* WHAT IS REQUIRED *
Everything from the line with "Medical office receptionist" to the end of the data below, both lines included, should be transcribed exactly; please omit the pictures.
□ □ □
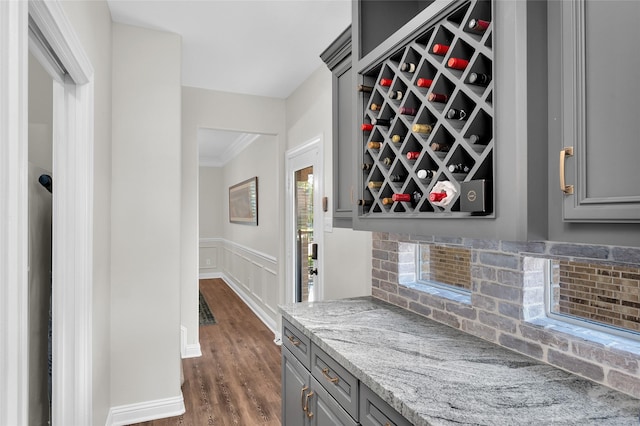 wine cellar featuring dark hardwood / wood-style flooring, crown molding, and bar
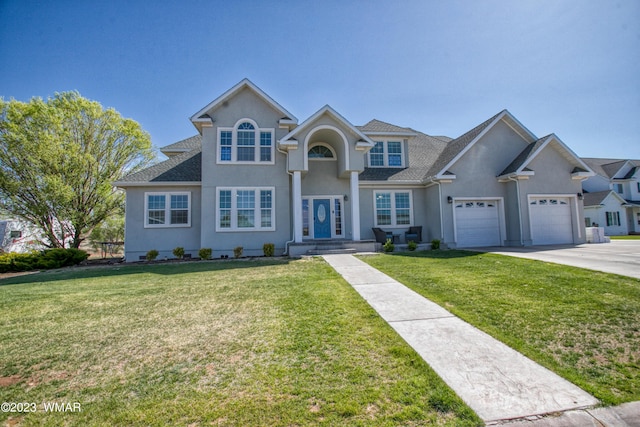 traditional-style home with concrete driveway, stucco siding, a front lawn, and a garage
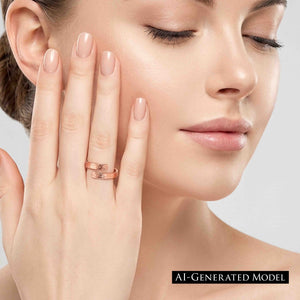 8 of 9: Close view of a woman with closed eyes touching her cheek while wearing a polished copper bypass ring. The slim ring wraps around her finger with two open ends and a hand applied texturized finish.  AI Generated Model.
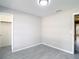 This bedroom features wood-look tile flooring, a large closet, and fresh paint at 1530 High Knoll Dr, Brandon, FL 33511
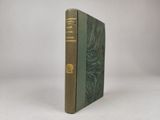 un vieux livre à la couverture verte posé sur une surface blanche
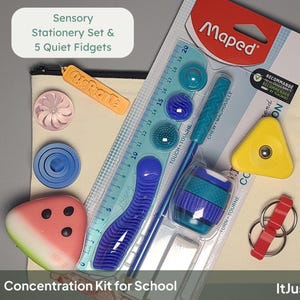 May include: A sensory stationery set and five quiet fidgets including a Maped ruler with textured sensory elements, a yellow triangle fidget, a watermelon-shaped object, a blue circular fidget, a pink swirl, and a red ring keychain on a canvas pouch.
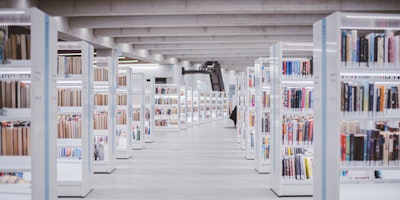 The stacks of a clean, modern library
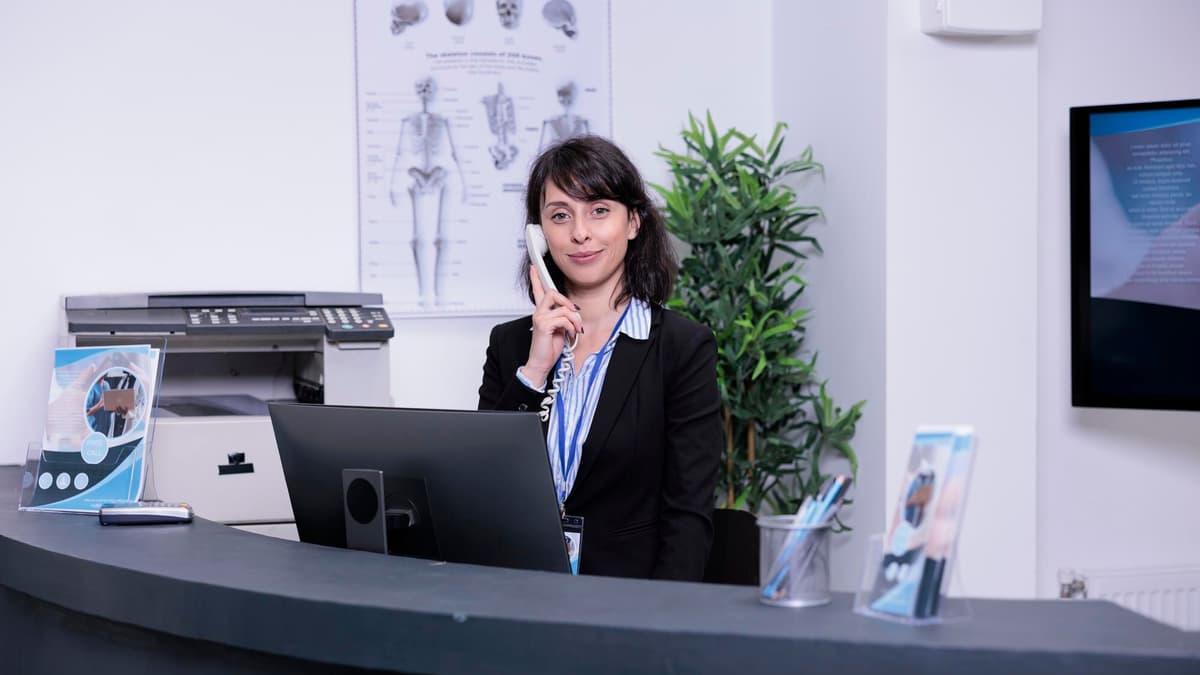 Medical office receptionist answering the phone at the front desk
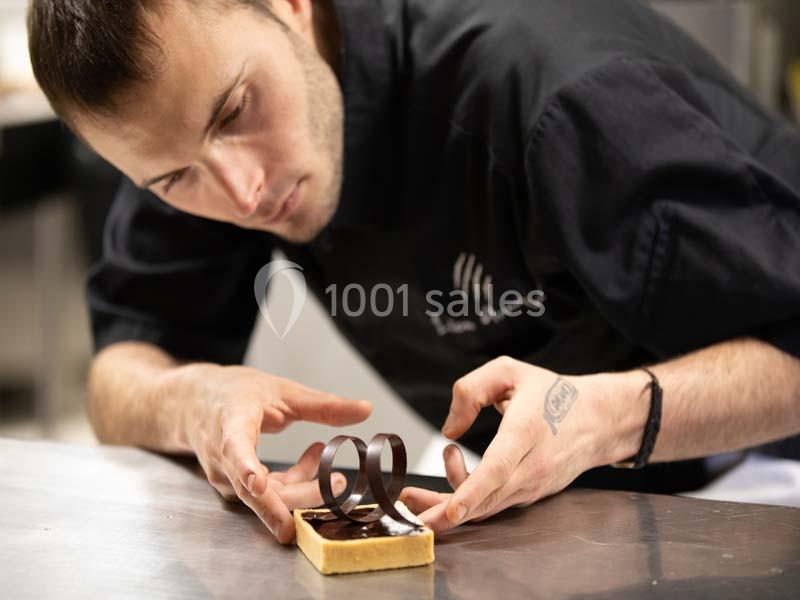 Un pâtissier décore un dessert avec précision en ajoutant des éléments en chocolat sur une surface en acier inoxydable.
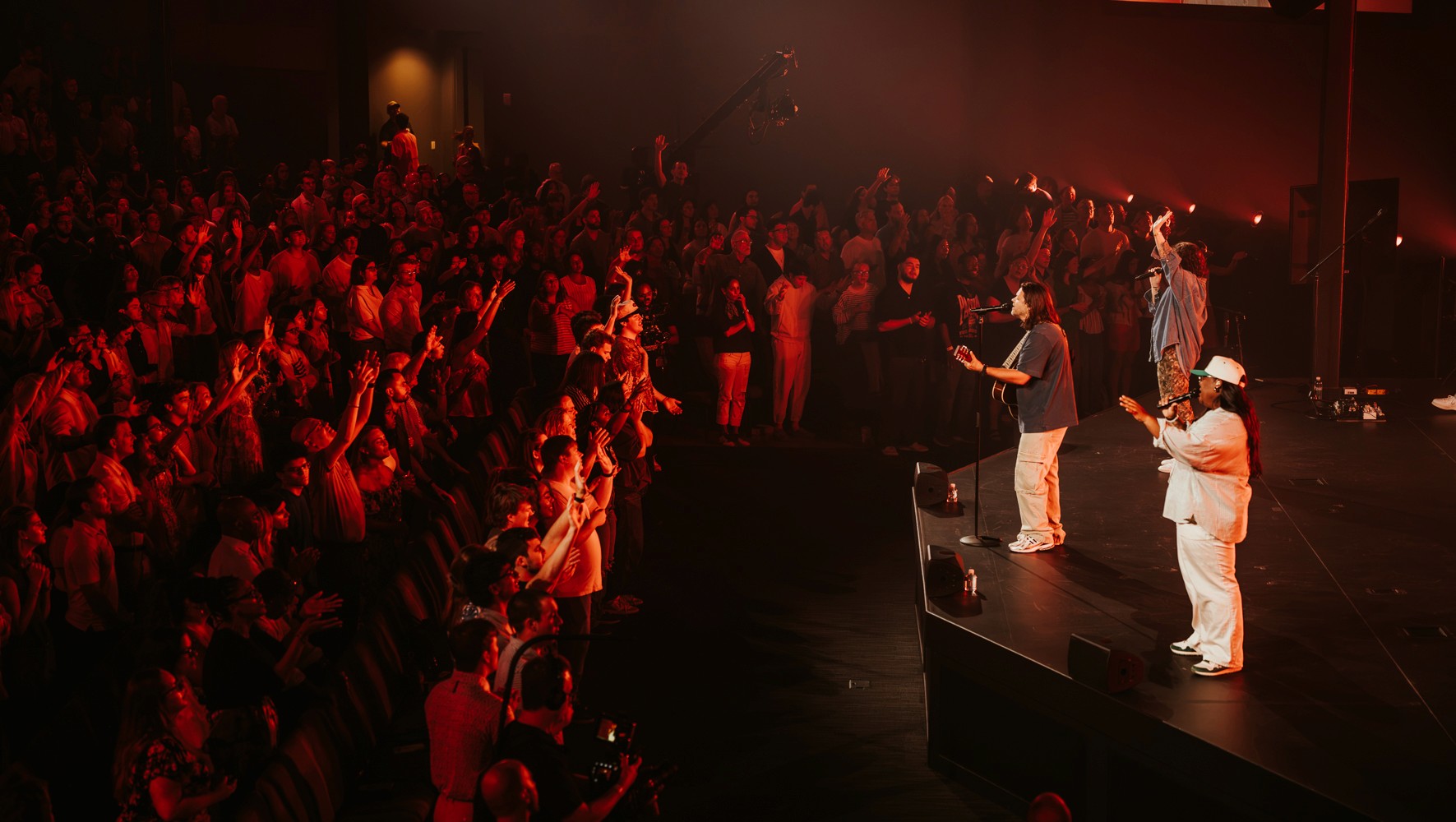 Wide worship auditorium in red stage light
□ □ □
* WRITTEN SOLUTION *
 Medical office receptionist answering the phone at the front desk
 Un pâtissier décore un dessert avec précision en ajoutant des éléments en chocolat sur une surface en acier inoxydable.
 Wide worship auditorium in red stage light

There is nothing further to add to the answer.